Data Engineering

By Paul Brown

September 5, 2023

Storyplaces

I was employed as a placement with my University. I was given a goal to present my analysis findings to a group of PhD students, and to help me with this my manager gave me a list of tasks that needed doing from the weekly level, with an individual list of goals for each week. I used primarily Python and more specifically Pandas for this project.

For the first week it was purely exploratory analysis, finding basic things out like how many users on any given day, how long did each user spend on average, etc.

The second week was focused on more in depth analysis, more specifically user classification. Firstly, I had to come up with an algorithm that would take in an individual’s metrics, calculated by crossreferencing the analysis I did in the first week, and designate a classification.

The third week was centred around choice analysis and pattern recognition, like if 2 pages were far apart if that effected player’s choice or if a certain path is popular and why? I created a graphical representation of the story, and using this I created a list of every possible path in the story in varying lengths between the distance between 2 nodes and from the top and bottom of the graph. Then converting these paths to a string that could be looked up in each player’s path, I could easily get the frequency of each path.

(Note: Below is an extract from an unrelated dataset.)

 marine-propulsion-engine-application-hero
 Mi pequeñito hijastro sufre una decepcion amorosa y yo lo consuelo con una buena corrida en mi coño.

The final week was preparing for the presentation, so I was creating visualisations for the data. I used R Studio & Excel to create the geographical visualisations and Python for the other graphs.

Conference Paper

I was recommended to do some data engineering for another professor at Bournemouth University whilst I was in my final semester and the paper was published. I was given a list of data files and was told that I had to find the coordinates of each incident in the file and the closest station associated with the station. This would essentially find which station is responsible for each drowning incident. The simplest way of determining the distance was using the Haversine Formula. This alone provided some interesting challenges as the data showed which stations were permanently closed down before the incident and some were still open but the incident happened outside of their normal operational hours, so my method getting around this was if one station was invalid, then it would recursively search for the next nearest one. It would do this until either a valid station is found or the search limit is reached, I set this to 10 by default. My final task was to add the Air Temperature and Rainfall metrics from the previous 14 days from the incident date to the data set and then export it.